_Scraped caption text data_
________
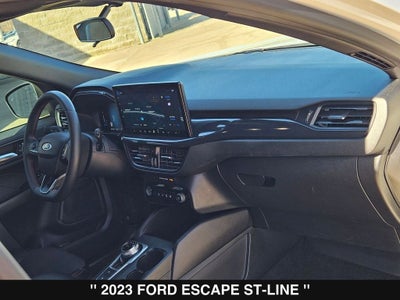 2023 Ford Escape ST-Line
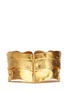 Back View - Click To Enlarge - ALEXANDER MCQUEEN - Puzzle skull cuff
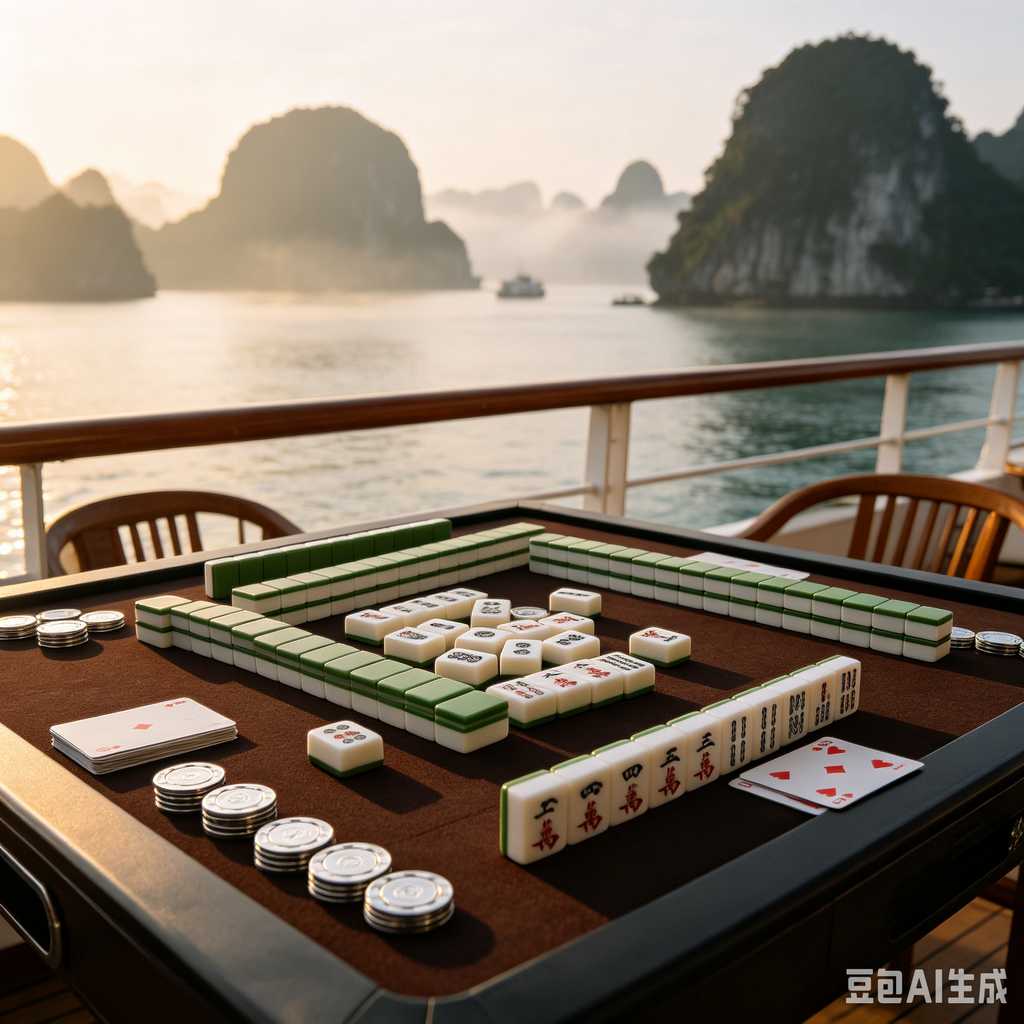 MarDelPlata,mahjong
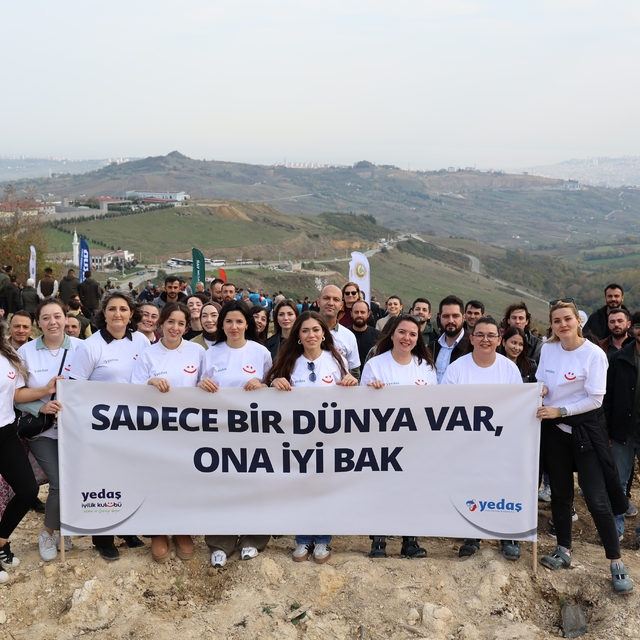 Gönüllülük enerjisi 'İyilik Kulübü'nde buluştu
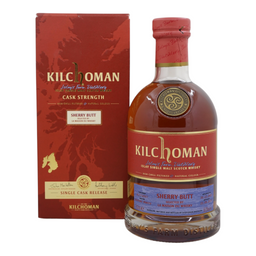 Kilchoman 2007/2017 Sherry Butt Selected by La Maison du Whisky #417/2007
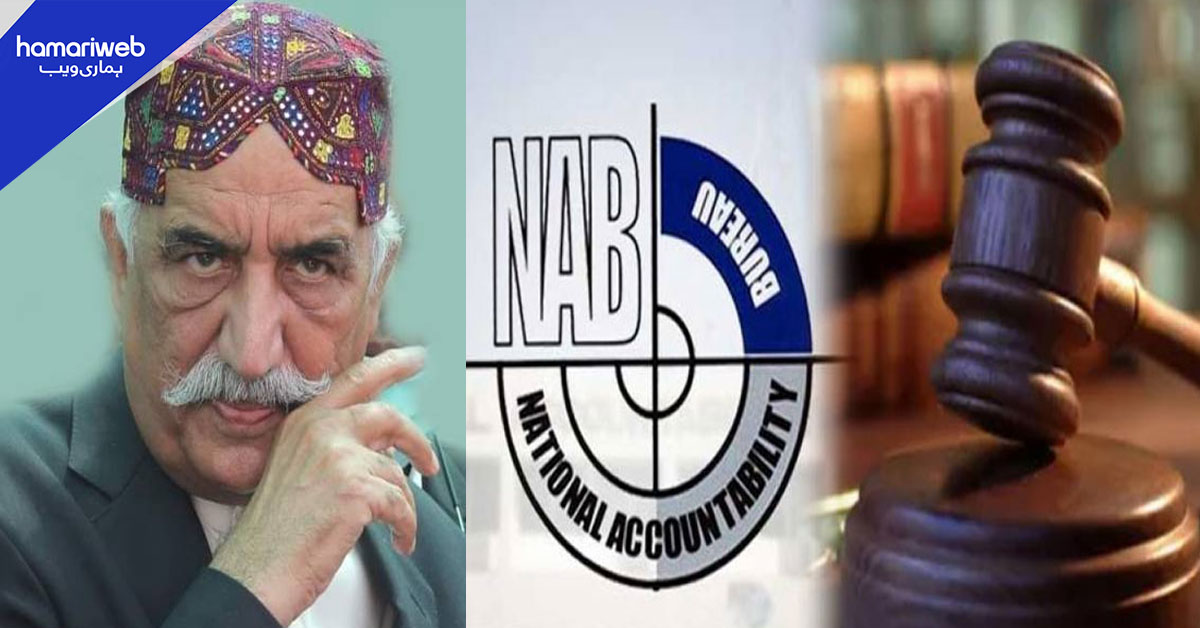 احتساب عدالت: خورشید شاہ اور خاندان کے خلاف کیس ایف آئی اے کے سپرد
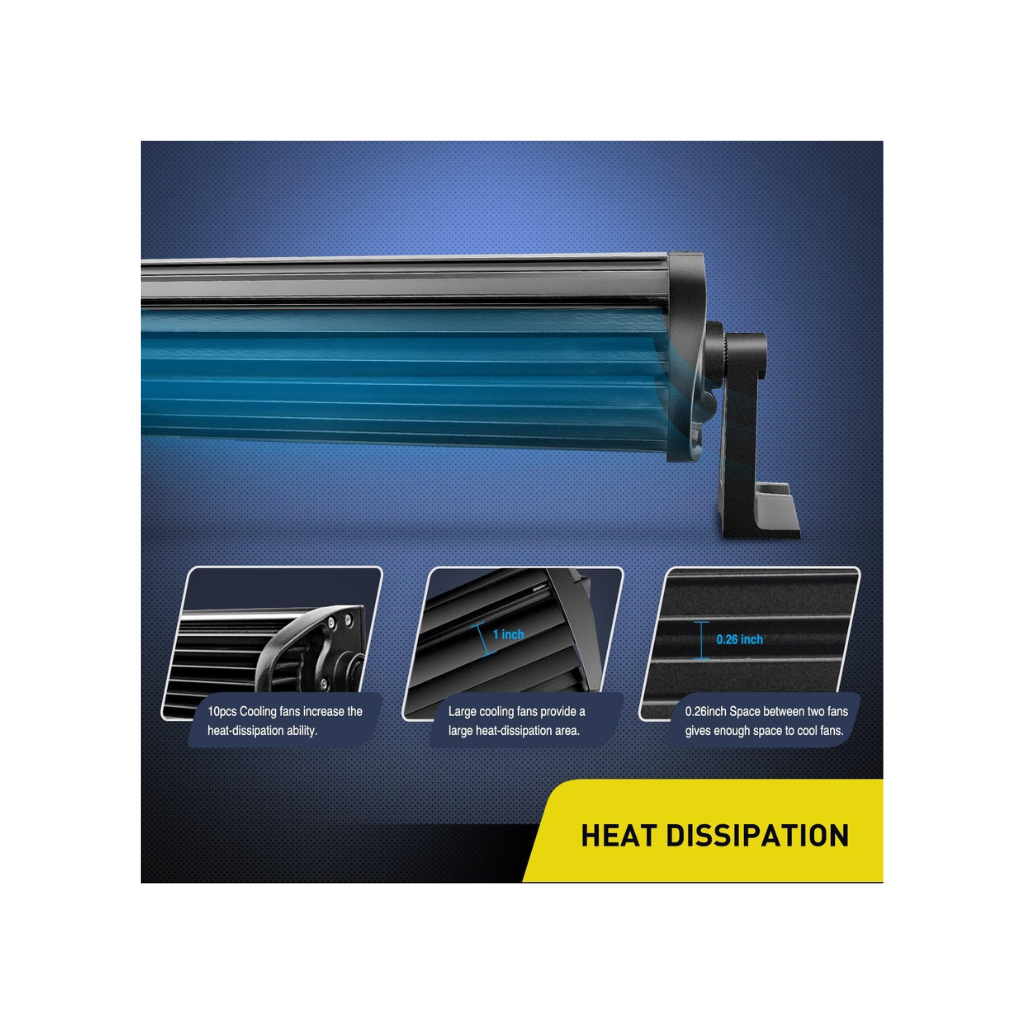 Barra Led 42’’ Luz Blanca - Barras led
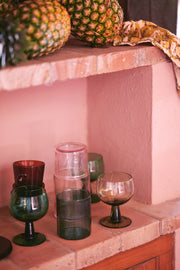 Tube Glass  Blush Blush - LEEF mode en accessoires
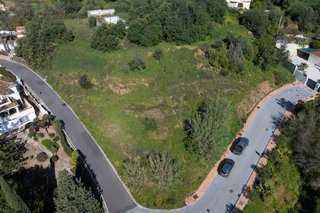 Solar en venta en Mijas Pueblo en Mijas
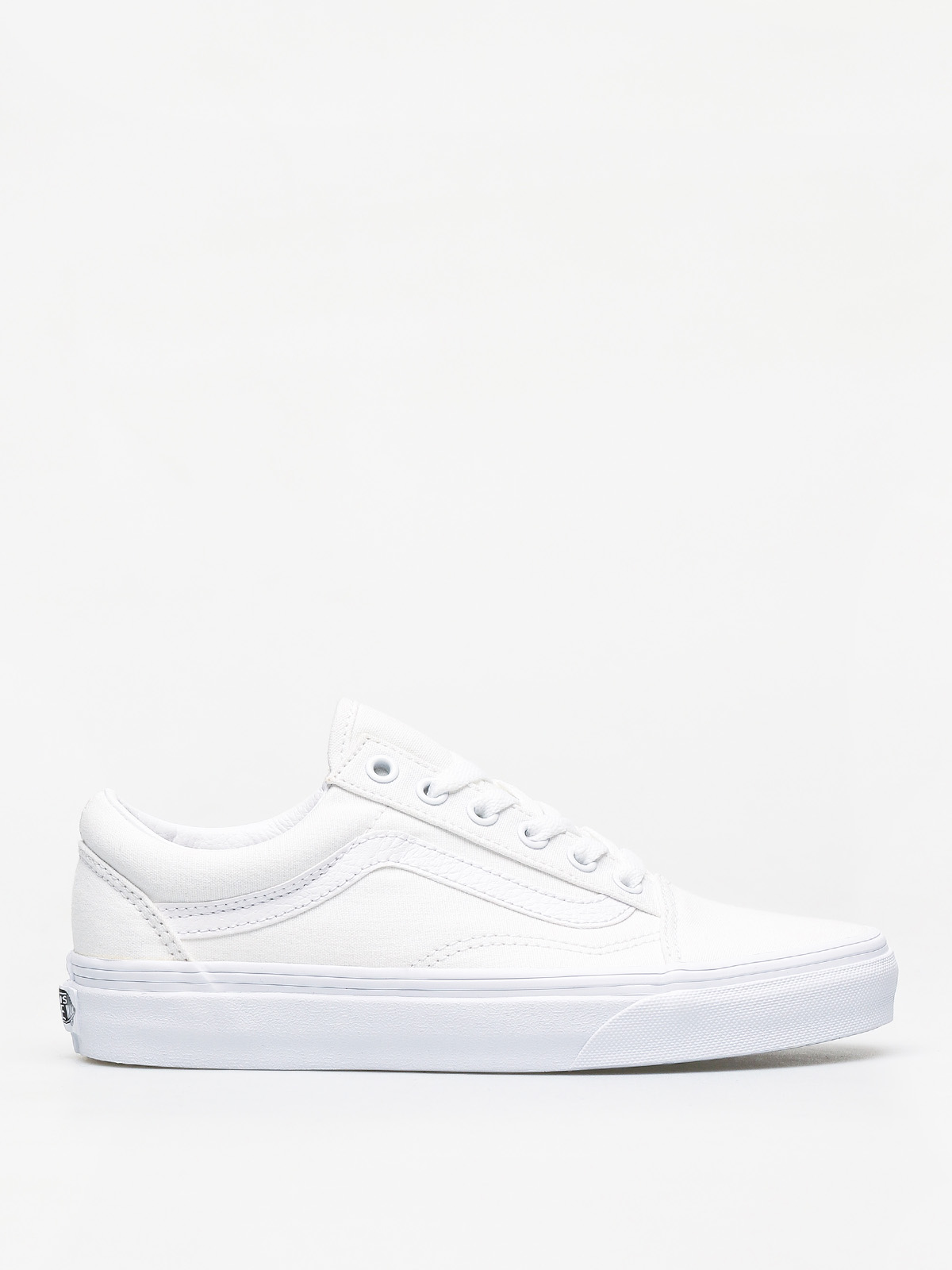 Vans Old Skool Shoes (true white)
________
_What needs to be done_
In your answer, print the entries above exactly, with the pictures left out.

_Task answer_
 2023 Ford Escape ST-Line
 Back View - Click To Enlarge - ALEXANDER MCQUEEN - Puzzle skull cuff
 MarDelPlata,mahjong
 Gönüllülük enerjisi 'İyilik Kulübü'nde buluştu
 Kilchoman 2007/2017 Sherry Butt Selected by La Maison du Whisky #417/2007
 احتساب عدالت: خورشید شاہ اور خاندان کے خلاف کیس ایف آئی اے کے سپرد
 Barra Led 42’’ Luz Blanca - Barras led
 Tube Glass  Blush Blush - LEEF mode en accessoires
 Solar en venta en Mijas Pueblo en Mijas
 Vans Old Skool Shoes (true white)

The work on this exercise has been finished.